Taking the first line of the listing as the start and the line containing "Playa Paraiso Tulum" as the end, reproduce everything in between exactly, both ends included.

TASK DATA Start Marker

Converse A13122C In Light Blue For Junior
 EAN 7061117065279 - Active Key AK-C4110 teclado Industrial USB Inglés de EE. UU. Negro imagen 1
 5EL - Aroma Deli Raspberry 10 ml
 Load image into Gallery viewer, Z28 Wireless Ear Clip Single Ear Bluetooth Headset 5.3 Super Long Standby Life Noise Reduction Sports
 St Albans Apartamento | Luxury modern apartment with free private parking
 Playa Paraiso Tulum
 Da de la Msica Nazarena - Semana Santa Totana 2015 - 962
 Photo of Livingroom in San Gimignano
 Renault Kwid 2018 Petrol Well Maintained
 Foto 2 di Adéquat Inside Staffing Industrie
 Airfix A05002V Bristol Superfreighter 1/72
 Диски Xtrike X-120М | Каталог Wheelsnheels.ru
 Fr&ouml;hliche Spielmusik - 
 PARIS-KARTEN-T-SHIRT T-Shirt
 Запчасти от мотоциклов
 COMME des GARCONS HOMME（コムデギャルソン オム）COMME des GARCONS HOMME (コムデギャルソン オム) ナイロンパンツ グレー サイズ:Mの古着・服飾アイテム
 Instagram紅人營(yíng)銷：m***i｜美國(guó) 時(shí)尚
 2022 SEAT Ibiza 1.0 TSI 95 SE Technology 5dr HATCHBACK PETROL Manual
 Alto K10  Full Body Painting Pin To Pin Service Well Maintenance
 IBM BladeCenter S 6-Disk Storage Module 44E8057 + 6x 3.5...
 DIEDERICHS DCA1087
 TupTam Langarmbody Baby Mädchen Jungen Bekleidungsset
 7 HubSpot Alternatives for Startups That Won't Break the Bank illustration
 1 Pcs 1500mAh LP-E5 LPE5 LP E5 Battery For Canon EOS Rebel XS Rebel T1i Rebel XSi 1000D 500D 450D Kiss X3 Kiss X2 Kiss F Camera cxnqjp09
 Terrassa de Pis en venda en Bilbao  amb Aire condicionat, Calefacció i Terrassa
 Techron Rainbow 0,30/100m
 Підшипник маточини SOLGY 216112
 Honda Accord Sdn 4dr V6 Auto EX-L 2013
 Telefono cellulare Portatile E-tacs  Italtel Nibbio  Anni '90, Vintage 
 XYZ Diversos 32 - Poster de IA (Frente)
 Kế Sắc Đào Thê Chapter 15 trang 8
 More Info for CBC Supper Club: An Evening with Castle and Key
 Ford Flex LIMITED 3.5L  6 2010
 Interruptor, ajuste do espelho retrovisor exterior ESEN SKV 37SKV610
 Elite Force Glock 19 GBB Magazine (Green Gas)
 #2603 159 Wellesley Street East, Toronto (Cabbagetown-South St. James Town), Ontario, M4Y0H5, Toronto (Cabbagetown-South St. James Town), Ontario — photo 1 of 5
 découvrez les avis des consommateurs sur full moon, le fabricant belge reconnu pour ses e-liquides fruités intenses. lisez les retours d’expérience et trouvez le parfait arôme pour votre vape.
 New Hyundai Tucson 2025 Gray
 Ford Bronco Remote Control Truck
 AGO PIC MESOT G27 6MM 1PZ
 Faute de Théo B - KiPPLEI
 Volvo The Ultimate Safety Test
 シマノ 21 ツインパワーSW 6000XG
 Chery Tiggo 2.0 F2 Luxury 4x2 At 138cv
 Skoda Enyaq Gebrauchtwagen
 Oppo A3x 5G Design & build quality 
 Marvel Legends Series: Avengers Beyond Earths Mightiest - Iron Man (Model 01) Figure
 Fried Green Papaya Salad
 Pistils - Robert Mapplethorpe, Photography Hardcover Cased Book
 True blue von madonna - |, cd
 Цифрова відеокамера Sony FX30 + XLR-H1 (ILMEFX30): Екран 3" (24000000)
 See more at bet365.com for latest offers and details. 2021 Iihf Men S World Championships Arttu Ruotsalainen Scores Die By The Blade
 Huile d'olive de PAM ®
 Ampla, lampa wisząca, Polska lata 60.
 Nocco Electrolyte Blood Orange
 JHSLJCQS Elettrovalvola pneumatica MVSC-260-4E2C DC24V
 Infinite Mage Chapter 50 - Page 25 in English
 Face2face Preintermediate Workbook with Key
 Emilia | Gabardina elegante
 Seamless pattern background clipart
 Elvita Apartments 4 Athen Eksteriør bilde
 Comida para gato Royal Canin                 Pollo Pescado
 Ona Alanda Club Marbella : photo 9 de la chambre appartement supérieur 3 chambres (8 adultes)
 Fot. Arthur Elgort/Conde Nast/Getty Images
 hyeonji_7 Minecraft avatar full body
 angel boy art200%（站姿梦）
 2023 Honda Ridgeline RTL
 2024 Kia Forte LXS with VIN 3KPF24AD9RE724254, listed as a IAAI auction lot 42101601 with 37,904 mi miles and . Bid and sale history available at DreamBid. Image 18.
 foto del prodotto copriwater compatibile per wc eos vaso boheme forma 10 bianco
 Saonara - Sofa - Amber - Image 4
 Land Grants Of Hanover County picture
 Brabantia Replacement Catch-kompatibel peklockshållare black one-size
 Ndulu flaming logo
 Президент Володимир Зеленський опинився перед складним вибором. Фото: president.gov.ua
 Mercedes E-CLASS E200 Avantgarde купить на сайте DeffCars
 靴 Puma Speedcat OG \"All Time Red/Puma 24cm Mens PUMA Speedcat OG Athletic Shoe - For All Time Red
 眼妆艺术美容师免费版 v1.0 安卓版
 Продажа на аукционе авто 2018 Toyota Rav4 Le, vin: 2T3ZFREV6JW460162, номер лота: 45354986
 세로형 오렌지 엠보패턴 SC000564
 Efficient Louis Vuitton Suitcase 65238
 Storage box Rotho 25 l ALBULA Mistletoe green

TASK DATA End Marker

RESULT OF THE EXERCISE ▸
Converse A13122C In Light Blue For Junior
 EAN 7061117065279 - Active Key AK-C4110 teclado Industrial USB Inglés de EE. UU. Negro imagen 1
 5EL - Aroma Deli Raspberry 10 ml
 Load image into Gallery viewer, Z28 Wireless Ear Clip Single Ear Bluetooth Headset 5.3 Super Long Standby Life Noise Reduction Sports
 St Albans Apartamento | Luxury modern apartment with free private parking
 Playa Paraiso Tulum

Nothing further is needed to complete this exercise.